Effective for excess deferrals attributable to taxable years beginning on or after January 1, 2007, gap earnings must be included when excess deferrals are distributed pursuant to IRC § 402(g). Treas. Reg. § 1.402(g) -- 1(e)(5). (Unlike the prior changes, this is not a PPA change.) Excess deferrals must be credited with allocable gains or losses for the gap period to the extent they would be so credited if the total account were distributed. The gap earnings requirement applies to excess deferrals that are either pre-tax or designated Roth contributions. According to the IRS Notice:

  • Cycle B and C Plan Must Include Gap Earnings Provisions. Plans submitted in Cycle B or C are required to provide for distribution of gap earnings. A sponsor of a plan submitted prior to March 24, 2008 that does not provide for gap earnings will be asked to amend the plan to so provide. (How plans submitted on or after March 24, 2008 will be handled is unclear.)
  • Interim Amendment Not Required.

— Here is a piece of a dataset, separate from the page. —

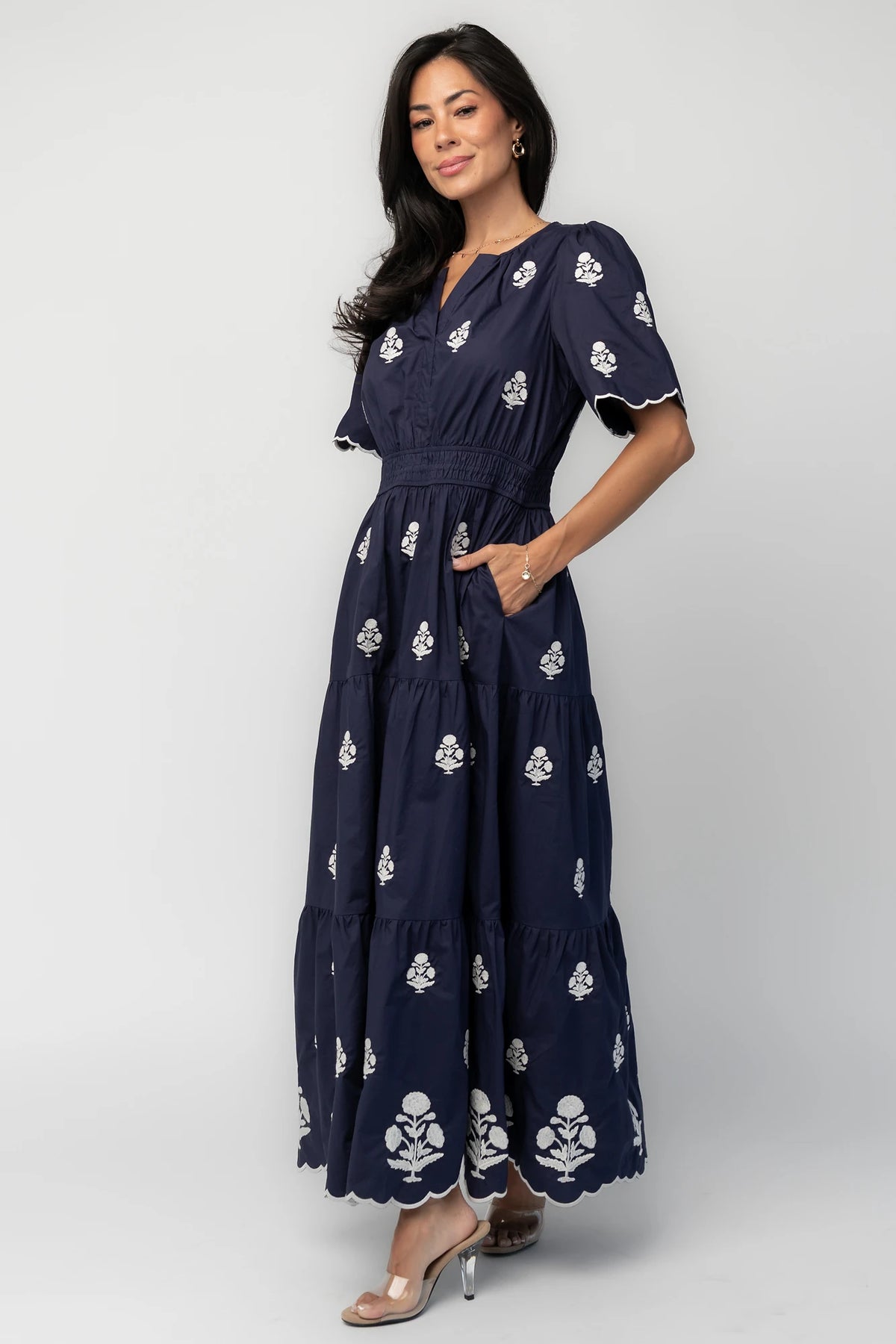 Model wearing the Delilah Embroidered Maxi Dress in navy featuring off-white floral embroidery, a split V-neckline, scalloped short sleeves, a smocked waistband, and a flowing tiered maxi skirt with a scalloped hem.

An interim amendment to provide for gap earnings is not required to be adopted until the last day of the first plan year beginning on or after January 1, 2009. However, the plan must be in operational compliance and distribute gap earnings with excess deferrals effective for excess deferrals attributable to taxable years beginning on or after January 1, 2007.

Deloitte logoThe information in this Washington Bulletin is general in nature only and not intended to provide advice or guidance for specific situations.

If you have any questions or need additional information about articles appearing in this or previous versions of Washington Bulletin, please contact: Robert Davis 202.879.3094, Elizabeth Drigotas 202.879.4985, Mary Jones 202.378.5067, Stephen LaGarde 202.879-5608, Erinn Madden 202.572.7677, Bart Massey 202.220.2104, Mark Neilio 202.378.5046, Martha Priddy Patterson 202.879.5634, Tom Pevarnik 202.879.5314, Sandra Rolitsky 202.220.2025, Tom Veal 312.946.2595, Deborah Walker 202.879.4955.

Copyright 2008, Deloitte.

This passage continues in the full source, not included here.